4.6 Configuring Exalogic Networking for a Virtual Environment

This section describes virtual Exalogic networking.

4.6.1 Virtual Exalogic Network Map

This topic describes about the virtual Exalogic network map.

The Figure 4-2 shows the Virtual Exalogic Network map.

Figure 4-2 Virtual Network Map

Virtual Network Map

4.6.2 Explanation of the Virtual Network Interfaces Map

In a virtual Exalogic deployment, a hardware load balancer is used to distribute requests to two vServers in the Exalogic rack that hosts Oracle Traffic Director.

The Oracle Traffic Director instances then direct traffic to other vServers, which host the Oracle Fusion Middleware components.

The virtual Exalogic network map diagram shows how these vServers are networked together and to the external corporate network where the load balancer sits.

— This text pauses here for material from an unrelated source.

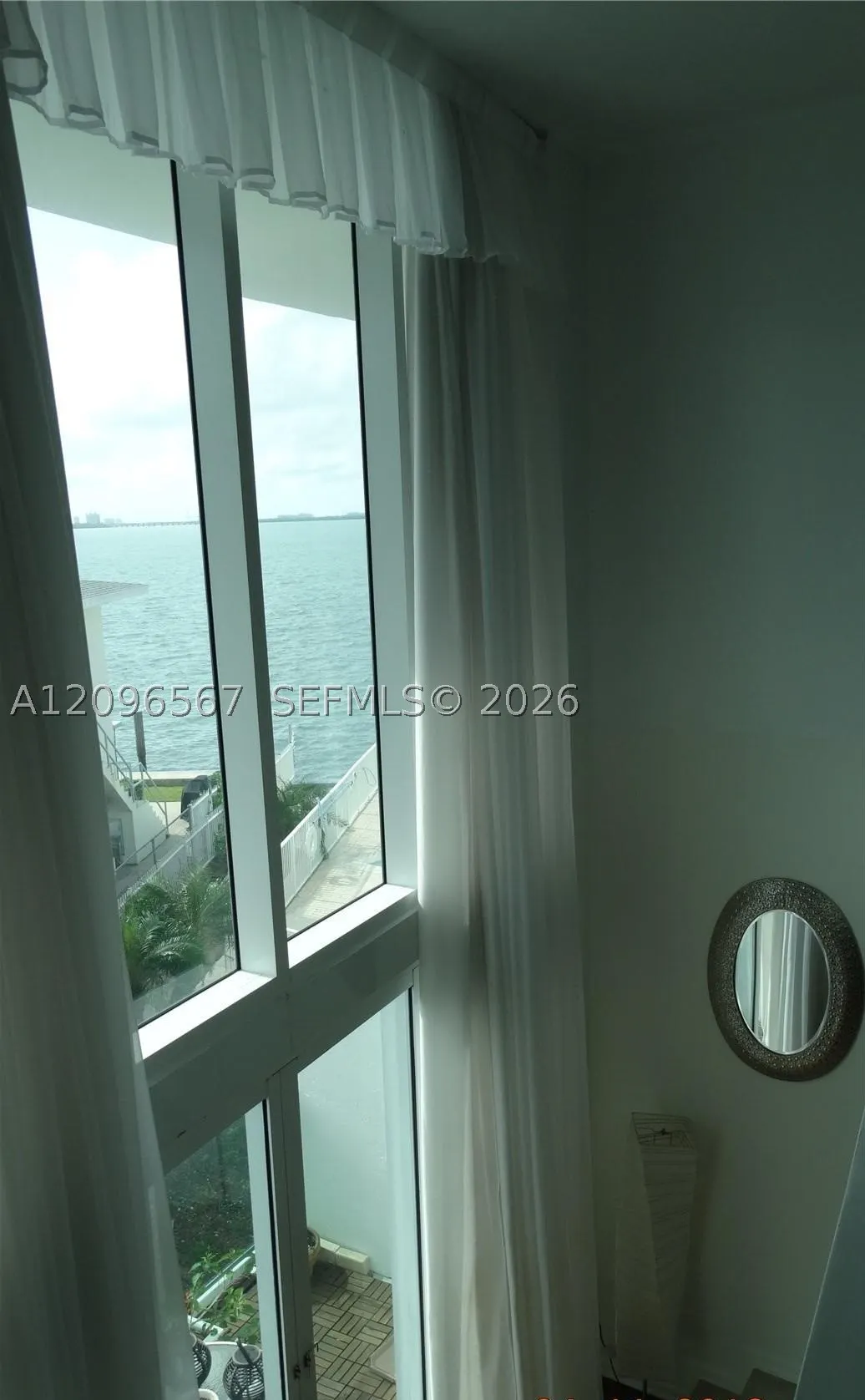 2000 Bay Dr #203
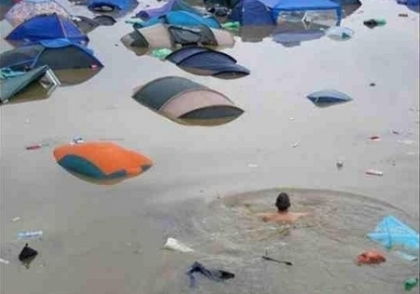 Unul dintre cele mai mari festivaluri de muzica din Marea Britanie s-a incheiat sub ape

This section contains the following topics:

  • Load Balancer
    An external load balancer sits outside of the Exalogic machine rack.
  • Virtual Network Interface Bonding
    In Virtual Exalogic deployments, these are assigned when the vServer is created. Therefore, the exact bonding is determined by the order the networks are attached to the vServer.
  • Oracle Traffic Director
    Oracle Traffic Director (OTD) serves several functions within an enterprise deployment on Exalogic.
  • External Oracle HTTP Servers
    Optionally, you can use Oracle HTTP Servers, which sit on servers outside of the Exalogic machine rack. These servers receive requests from the load balancer and distribute those requests to application virtual servers inside the machine rack using EoIB.
  • About Virtual Servers
    In an Exalogic Virtual deployment, virtual servers are used instead of physical compute nodes to host services.

4.6.2.1 Load Balancer

An external load balancer sits outside of the Exalogic machine rack.

Its purpose is to receive requests on the public Ethernet network and distribute those requests to the Oracle Traffic Director nodes inside the machine rack using the front end EoIB network or to the external Oracle HTTP Servers.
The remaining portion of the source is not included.